Ce n’est pas le plus agréable des souvenirs mais qu’importe, c’en est au moins un. Et je suis frappée de constater encore une fois, en regardant sur ces photos les vêtements que nous portons ma mère et moi, que tout, absolument tout, à part nos chaussures et les chapeaux de paille, était fait à la maison. Jusqu’aux maillots de bain. Que d’attention, que d’heures de travail pour me vêtir ainsi de la tête aux pieds. Que d’amour dans les mains qui prenaient mes mesures, tricotaient sans relâche.
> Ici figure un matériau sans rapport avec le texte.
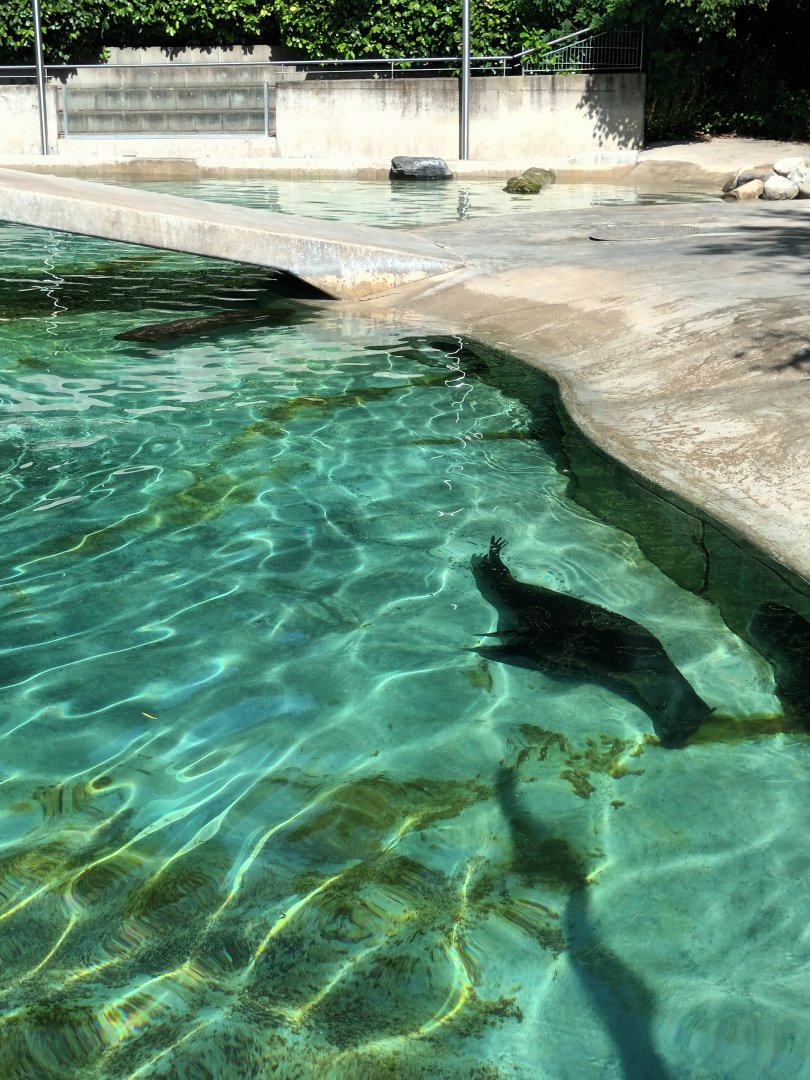 South african fur Seal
Est-ce pour me consoler d’avoir perdu tout cela, pour me rassurer que je passai des années à fabriquer mes propres vêtements, plus tard ? Et puis qu’importe ces histoires de vêtements, de maniaquerie couturière, et qu’importe cette vague réminiscence des maillots qui grattent, si fugitive que déjà je doute de l’avoir retrouvée un instant… Ce qui me fascine sur cette photo, m’émeut aux larmes, c’est la main de mon père sur ma jambe. La manière si tendre dont elle entoure mon genou, légère mais prête à parer toute chute, et ma petite main à moi abandonnée sur son cou. Ces deux mains, l’une qui soutient et l’autre qui se repose sur lui. Après la photo il a dû resserrer son étreinte, m’amener à plier les genoux, j’ai dû me laisser aller contre lui, confiante, et il a dû me faire descendre du bateau en disant « hop là ! », comme le font tous les pères en emportant leur enfant dans leurs bras pour sauter un obstacle. Nous avons dû gaiement rejoindre ma mère qui rangeait l’appareil photo et marcher tous les trois sur la plage. J’ai dû vivre cela, oui… La photo me dit qu’il faisait beau, qu’il y avait du vent dans mes cheveux, que la lumière de la côte normande devait être magnifique ce jour-là» Et entre mes deux parents à moi, si naturellement et si complètement à moi pour quelque temps encore, j’ai dû me plaindre des coquillages qui piquent les pieds, comme le font tous les enfants ignorants de leurs richesses.